In my case, the camcorder has no audio input. And the mics are at roughly the same location as the camcorder. Audio goes into a field recorder that I edit in post. I mean really all I'm doing is finding a sync point and trimming the long audio segment to match the shorter video segment. I only have one camcorder, so nothing too exotic just yet. I'm having to find and edit the sync point anyway, so crazy or not, I'm just adjusting the offset a smidge. Which I'm adjusting anyway to line up the field recorder audio to the camcorder audio. It's mostly scripted to speed up the field recorder audio (1.000117788) to match the camcorders speed and other re-sampling tricks I've learned. So all that is pretty much a done deal and mostly automated. I just need to extract the audio segment and sometimes the lag (physics) is just too much to meet my goals.

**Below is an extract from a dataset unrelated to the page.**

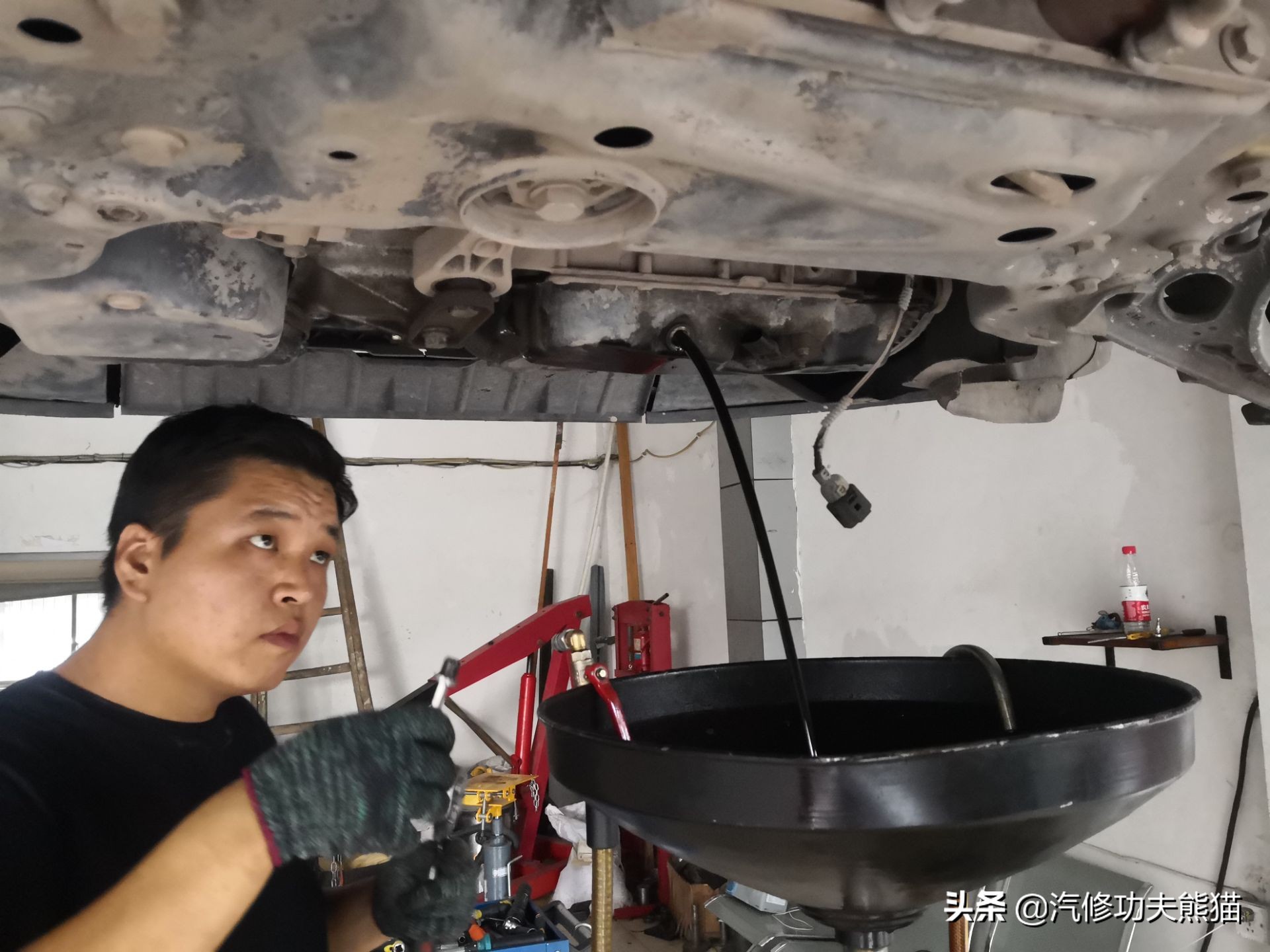 烧机油是问题车吗,烧机油是大众的通病吗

It is mostly music, but aside from a few speakers (pastor) who appear to have side gigs as a ventriloquist. It gets weird to see the lips move a noticeable duration before hearing the audio. I do some marching band like stuff, so the distance and therefor the lag can be quite dramatic. Not quite 300 yards away most of the time, but sometimes it can come off that way. If my camcorder had audio inputs and I did audio on a boom arm, this lag would already be mostly compensated for by the location of the mic. But my mics are in the same location as the camcorder. And otherwise out in the audience in the middle to rear of the venue.
 
A couple of things:

First, the reason I say getting down to the sample is over-thinking it is that your video isn't "continuous" like human vision. It's a series of freeze frames with a 1/30th of a second duration. For this reason, corrections more accurate than one frame (33ms) are meaningless.

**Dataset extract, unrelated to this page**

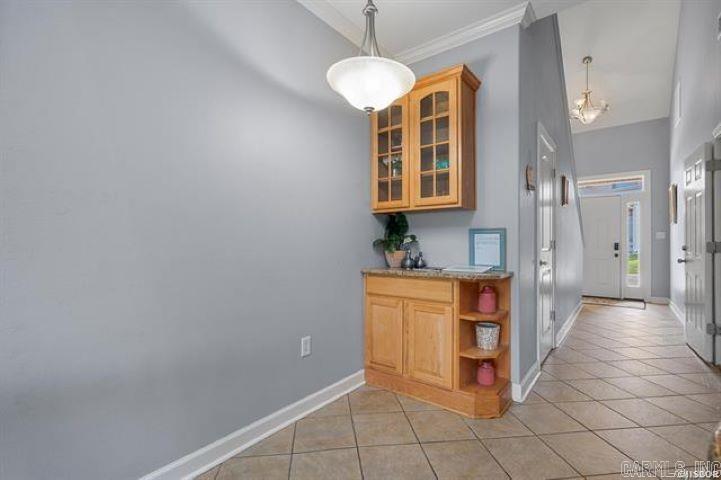 BLUE HERON HPR - Residential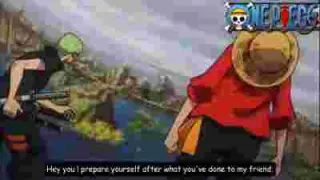 One Piece stampede | English Subtitles - Bilibili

Second, it concerns me that you're running the field recorder faster to compensate. If all was working properly, the delay between the picture and sound would be consistent as long as the distance to the subject remains the same. If both camera and sound recorder were running at a perfectly accurate speed all you should need to do is find a sync point and lock them together. The fact that you have to run the sound recorder slightly fast indicates that there is some drift in the system--and you'll be very lucky if this is consistent. I suspect you're compensating more for inaccuracies in the speed of the camcorder, field recorder or both rather than the distance.

In the professional world, there are specific ways to ensure that the camera and sound recorders work to perfect sync--"crystal sync", time code, pilot tones, etc. but these are more difficult to emulate with consumer level gear.

Bob
 
Well, there is no world clock on my gear. Or ADAT, or whatever the current option(s) are. Kind of hard to call them standards. We'd have to call 8-tracks standard, and from a certain POV, I guess they "WERE".

While the video is not continuous or "complete". I do record in 60p, so that's double the information, or 1/2 the "stutter" of typical video. Granted that I have to render out to 30p for most deliverables, if only to save on the file sizes. But I do have some say in which 30p (odd or even) to choose from.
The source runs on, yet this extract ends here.